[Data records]
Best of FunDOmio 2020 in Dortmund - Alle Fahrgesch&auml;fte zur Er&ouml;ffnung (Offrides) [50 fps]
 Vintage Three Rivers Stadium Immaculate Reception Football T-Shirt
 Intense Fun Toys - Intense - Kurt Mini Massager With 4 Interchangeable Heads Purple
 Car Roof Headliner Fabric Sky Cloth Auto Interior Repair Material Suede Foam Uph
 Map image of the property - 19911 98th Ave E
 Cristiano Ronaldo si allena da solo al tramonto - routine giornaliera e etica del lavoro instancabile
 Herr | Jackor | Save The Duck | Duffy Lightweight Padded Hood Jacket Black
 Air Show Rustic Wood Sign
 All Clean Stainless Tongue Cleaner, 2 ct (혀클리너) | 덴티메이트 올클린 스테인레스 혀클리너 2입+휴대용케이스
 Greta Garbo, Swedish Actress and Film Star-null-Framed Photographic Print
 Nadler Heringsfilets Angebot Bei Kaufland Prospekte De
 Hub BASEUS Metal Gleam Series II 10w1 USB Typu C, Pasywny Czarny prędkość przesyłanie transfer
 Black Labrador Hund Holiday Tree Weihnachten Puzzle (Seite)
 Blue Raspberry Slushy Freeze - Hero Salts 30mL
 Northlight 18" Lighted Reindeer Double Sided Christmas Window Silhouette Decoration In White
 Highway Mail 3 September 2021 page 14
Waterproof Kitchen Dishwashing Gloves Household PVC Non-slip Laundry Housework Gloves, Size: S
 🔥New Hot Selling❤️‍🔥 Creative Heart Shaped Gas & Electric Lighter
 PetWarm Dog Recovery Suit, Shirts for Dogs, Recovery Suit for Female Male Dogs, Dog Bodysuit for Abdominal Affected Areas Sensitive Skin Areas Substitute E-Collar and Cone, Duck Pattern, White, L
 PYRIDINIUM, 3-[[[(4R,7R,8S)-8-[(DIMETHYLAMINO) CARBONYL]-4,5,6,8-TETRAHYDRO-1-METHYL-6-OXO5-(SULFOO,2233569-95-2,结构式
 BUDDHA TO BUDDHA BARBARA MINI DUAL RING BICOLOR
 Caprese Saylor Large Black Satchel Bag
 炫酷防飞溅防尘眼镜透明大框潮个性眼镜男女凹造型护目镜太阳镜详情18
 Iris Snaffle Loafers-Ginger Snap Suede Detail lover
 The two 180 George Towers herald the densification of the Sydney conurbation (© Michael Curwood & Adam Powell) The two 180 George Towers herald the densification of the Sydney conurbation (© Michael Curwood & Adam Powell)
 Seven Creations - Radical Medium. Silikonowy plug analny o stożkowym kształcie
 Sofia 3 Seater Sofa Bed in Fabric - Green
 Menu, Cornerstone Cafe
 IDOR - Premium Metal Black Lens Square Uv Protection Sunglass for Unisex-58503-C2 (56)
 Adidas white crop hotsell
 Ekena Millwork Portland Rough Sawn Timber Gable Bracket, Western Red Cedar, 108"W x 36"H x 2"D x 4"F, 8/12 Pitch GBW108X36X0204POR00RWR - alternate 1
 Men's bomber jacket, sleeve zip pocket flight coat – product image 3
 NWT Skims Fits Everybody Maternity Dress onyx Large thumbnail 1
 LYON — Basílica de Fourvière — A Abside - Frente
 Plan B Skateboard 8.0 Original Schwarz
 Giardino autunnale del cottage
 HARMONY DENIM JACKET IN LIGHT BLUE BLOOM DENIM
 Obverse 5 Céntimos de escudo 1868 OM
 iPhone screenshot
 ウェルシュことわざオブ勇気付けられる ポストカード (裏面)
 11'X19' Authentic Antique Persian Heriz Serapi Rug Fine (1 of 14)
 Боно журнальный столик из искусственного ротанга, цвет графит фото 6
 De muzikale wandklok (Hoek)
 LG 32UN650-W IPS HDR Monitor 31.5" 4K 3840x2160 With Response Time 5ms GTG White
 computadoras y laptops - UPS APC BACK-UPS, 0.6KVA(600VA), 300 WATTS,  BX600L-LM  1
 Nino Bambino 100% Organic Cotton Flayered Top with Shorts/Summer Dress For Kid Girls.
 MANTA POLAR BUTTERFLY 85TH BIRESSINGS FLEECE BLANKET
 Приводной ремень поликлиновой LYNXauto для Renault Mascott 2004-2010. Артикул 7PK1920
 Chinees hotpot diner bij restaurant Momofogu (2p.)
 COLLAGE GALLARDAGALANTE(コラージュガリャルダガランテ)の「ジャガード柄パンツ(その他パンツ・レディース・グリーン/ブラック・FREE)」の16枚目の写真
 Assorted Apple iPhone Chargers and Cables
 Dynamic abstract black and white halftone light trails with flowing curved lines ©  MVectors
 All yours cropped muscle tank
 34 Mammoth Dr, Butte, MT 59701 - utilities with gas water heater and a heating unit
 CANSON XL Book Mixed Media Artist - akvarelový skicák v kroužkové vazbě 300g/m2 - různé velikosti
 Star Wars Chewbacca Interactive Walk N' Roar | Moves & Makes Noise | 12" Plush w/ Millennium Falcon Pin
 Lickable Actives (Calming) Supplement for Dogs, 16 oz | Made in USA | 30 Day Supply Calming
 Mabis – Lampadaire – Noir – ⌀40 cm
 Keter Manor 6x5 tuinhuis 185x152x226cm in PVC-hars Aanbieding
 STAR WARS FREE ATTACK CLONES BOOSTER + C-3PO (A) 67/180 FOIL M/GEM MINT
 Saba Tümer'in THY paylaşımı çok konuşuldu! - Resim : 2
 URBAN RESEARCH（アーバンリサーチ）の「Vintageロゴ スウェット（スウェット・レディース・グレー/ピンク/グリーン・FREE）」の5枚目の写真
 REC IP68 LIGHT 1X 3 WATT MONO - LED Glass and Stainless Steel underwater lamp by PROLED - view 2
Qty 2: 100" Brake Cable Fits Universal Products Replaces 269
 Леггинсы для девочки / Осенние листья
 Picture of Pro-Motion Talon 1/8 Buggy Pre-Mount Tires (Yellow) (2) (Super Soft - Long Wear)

### What the task requires
Each record above should be retyped in full, exactly as shown.

### Result of this task
Best of FunDOmio 2020 in Dortmund - Alle Fahrgesch&auml;fte zur Er&ouml;ffnung (Offrides) [50 fps]
 Vintage Three Rivers Stadium Immaculate Reception Football T-Shirt
 Intense Fun Toys - Intense - Kurt Mini Massager With 4 Interchangeable Heads Purple
 Car Roof Headliner Fabric Sky Cloth Auto Interior Repair Material Suede Foam Uph
 Map image of the property - 19911 98th Ave E
 Cristiano Ronaldo si allena da solo al tramonto - routine giornaliera e etica del lavoro instancabile
 Herr | Jackor | Save The Duck | Duffy Lightweight Padded Hood Jacket Black
 Air Show Rustic Wood Sign
 All Clean Stainless Tongue Cleaner, 2 ct (혀클리너) | 덴티메이트 올클린 스테인레스 혀클리너 2입+휴대용케이스
 Greta Garbo, Swedish Actress and Film Star-null-Framed Photographic Print
 Nadler Heringsfilets Angebot Bei Kaufland Prospekte De
 Hub BASEUS Metal Gleam Series II 10w1 USB Typu C, Pasywny Czarny prędkość przesyłanie transfer
 Black Labrador Hund Holiday Tree Weihnachten Puzzle (Seite)
 Blue Raspberry Slushy Freeze - Hero Salts 30mL
 Northlight 18" Lighted Reindeer Double Sided Christmas Window Silhouette Decoration In White
 Highway Mail 3 September 2021 page 14
Waterproof Kitchen Dishwashing Gloves Household PVC Non-slip Laundry Housework Gloves, Size: S
 🔥New Hot Selling❤️‍🔥 Creative Heart Shaped Gas & Electric Lighter
 PetWarm Dog Recovery Suit, Shirts for Dogs, Recovery Suit for Female Male Dogs, Dog Bodysuit for Abdominal Affected Areas Sensitive Skin Areas Substitute E-Collar and Cone, Duck Pattern, White, L
 PYRIDINIUM, 3-[[[(4R,7R,8S)-8-[(DIMETHYLAMINO) CARBONYL]-4,5,6,8-TETRAHYDRO-1-METHYL-6-OXO5-(SULFOO,2233569-95-2,结构式
 BUDDHA TO BUDDHA BARBARA MINI DUAL RING BICOLOR
 Caprese Saylor Large Black Satchel Bag
 炫酷防飞溅防尘眼镜透明大框潮个性眼镜男女凹造型护目镜太阳镜详情18
 Iris Snaffle Loafers-Ginger Snap Suede Detail lover
 The two 180 George Towers herald the densification of the Sydney conurbation (© Michael Curwood & Adam Powell) The two 180 George Towers herald the densification of the Sydney conurbation (© Michael Curwood & Adam Powell)
 Seven Creations - Radical Medium. Silikonowy plug analny o stożkowym kształcie
 Sofia 3 Seater Sofa Bed in Fabric - Green
 Menu, Cornerstone Cafe
 IDOR - Premium Metal Black Lens Square Uv Protection Sunglass for Unisex-58503-C2 (56)
 Adidas white crop hotsell
 Ekena Millwork Portland Rough Sawn Timber Gable Bracket, Western Red Cedar, 108"W x 36"H x 2"D x 4"F, 8/12 Pitch GBW108X36X0204POR00RWR - alternate 1
 Men's bomber jacket, sleeve zip pocket flight coat – product image 3
 NWT Skims Fits Everybody Maternity Dress onyx Large thumbnail 1
 LYON — Basílica de Fourvière — A Abside - Frente
 Plan B Skateboard 8.0 Original Schwarz
 Giardino autunnale del cottage
 HARMONY DENIM JACKET IN LIGHT BLUE BLOOM DENIM
 Obverse 5 Céntimos de escudo 1868 OM
 iPhone screenshot
 ウェルシュことわざオブ勇気付けられる ポストカード (裏面)
 11'X19' Authentic Antique Persian Heriz Serapi Rug Fine (1 of 14)
 Боно журнальный столик из искусственного ротанга, цвет графит фото 6
 De muzikale wandklok (Hoek)
 LG 32UN650-W IPS HDR Monitor 31.5" 4K 3840x2160 With Response Time 5ms GTG White
 computadoras y laptops - UPS APC BACK-UPS, 0.6KVA(600VA), 300 WATTS,  BX600L-LM  1
 Nino Bambino 100% Organic Cotton Flayered Top with Shorts/Summer Dress For Kid Girls.
 MANTA POLAR BUTTERFLY 85TH BIRESSINGS FLEECE BLANKET
 Приводной ремень поликлиновой LYNXauto для Renault Mascott 2004-2010. Артикул 7PK1920
 Chinees hotpot diner bij restaurant Momofogu (2p.)
 COLLAGE GALLARDAGALANTE(コラージュガリャルダガランテ)の「ジャガード柄パンツ(その他パンツ・レディース・グリーン/ブラック・FREE)」の16枚目の写真
 Assorted Apple iPhone Chargers and Cables
 Dynamic abstract black and white halftone light trails with flowing curved lines ©  MVectors
 All yours cropped muscle tank
 34 Mammoth Dr, Butte, MT 59701 - utilities with gas water heater and a heating unit
 CANSON XL Book Mixed Media Artist - akvarelový skicák v kroužkové vazbě 300g/m2 - různé velikosti
 Star Wars Chewbacca Interactive Walk N' Roar | Moves & Makes Noise | 12" Plush w/ Millennium Falcon Pin
 Lickable Actives (Calming) Supplement for Dogs, 16 oz | Made in USA | 30 Day Supply Calming
 Mabis – Lampadaire – Noir – ⌀40 cm
 Keter Manor 6x5 tuinhuis 185x152x226cm in PVC-hars Aanbieding
 STAR WARS FREE ATTACK CLONES BOOSTER + C-3PO (A) 67/180 FOIL M/GEM MINT
 Saba Tümer'in THY paylaşımı çok konuşuldu! - Resim : 2
 URBAN RESEARCH（アーバンリサーチ）の「Vintageロゴ スウェット（スウェット・レディース・グレー/ピンク/グリーン・FREE）」の5枚目の写真
 REC IP68 LIGHT 1X 3 WATT MONO - LED Glass and Stainless Steel underwater lamp by PROLED - view 2
Qty 2: 100" Brake Cable Fits Universal Products Replaces 269
 Леггинсы для девочки / Осенние листья
 Picture of Pro-Motion Talon 1/8 Buggy Pre-Mount Tires (Yellow) (2) (Super Soft - Long Wear)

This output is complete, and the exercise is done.